**WORK ORDER:** All of the records below must be reproduced exactly, minus any pictures.

**RECORDS SUPPLIED:**

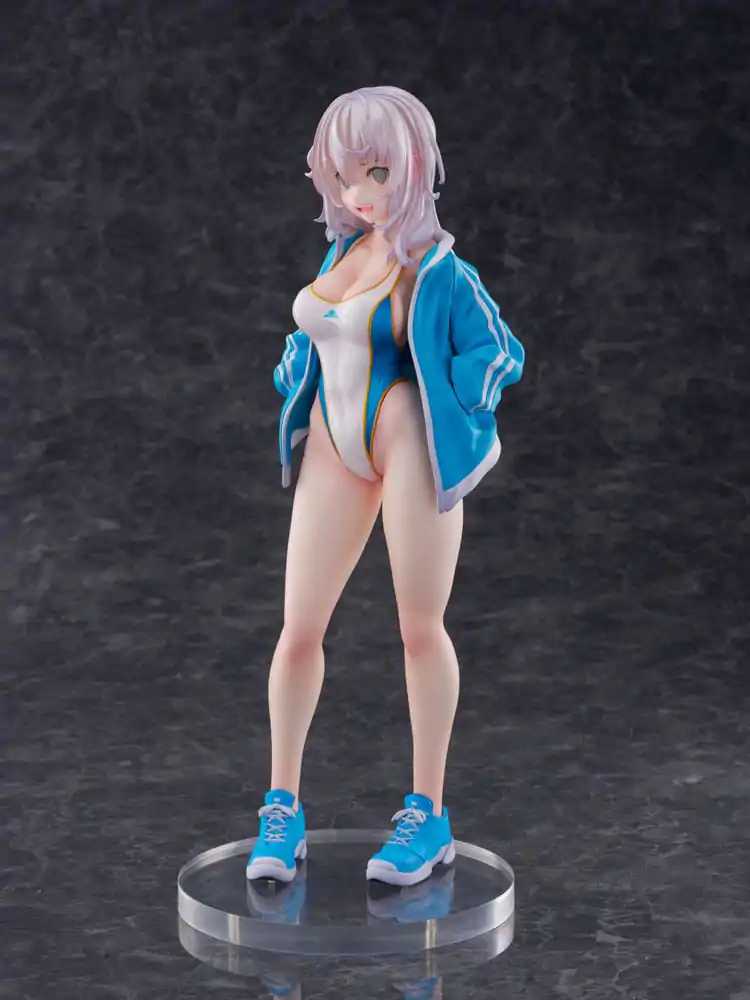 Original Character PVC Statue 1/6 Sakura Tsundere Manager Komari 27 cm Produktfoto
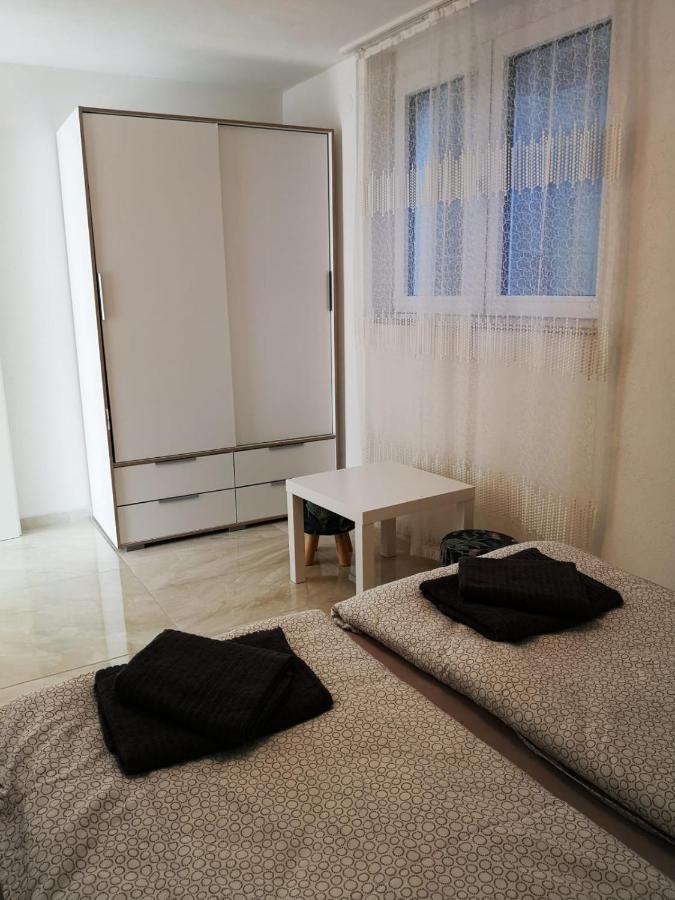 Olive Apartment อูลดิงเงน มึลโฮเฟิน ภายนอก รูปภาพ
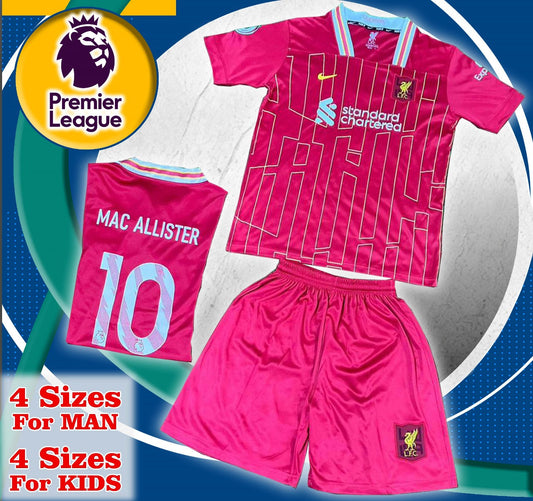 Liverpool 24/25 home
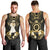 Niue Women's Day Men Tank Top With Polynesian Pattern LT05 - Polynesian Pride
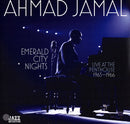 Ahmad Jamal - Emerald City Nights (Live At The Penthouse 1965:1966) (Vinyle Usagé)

**SOLUTION TO THIS EXERCISE:**
 Original Character PVC Statue 1/6 Sakura Tsundere Manager Komari 27 cm Produktfoto
 Olive Apartment อูลดิงเงน มึลโฮเฟิน ภายนอก รูปภาพ
 Liverpool 24/25 home
 Niue Women's Day Men Tank Top With Polynesian Pattern LT05 - Polynesian Pride
 Ahmad Jamal - Emerald City Nights (Live At The Penthouse 1965:1966) (Vinyle Usagé)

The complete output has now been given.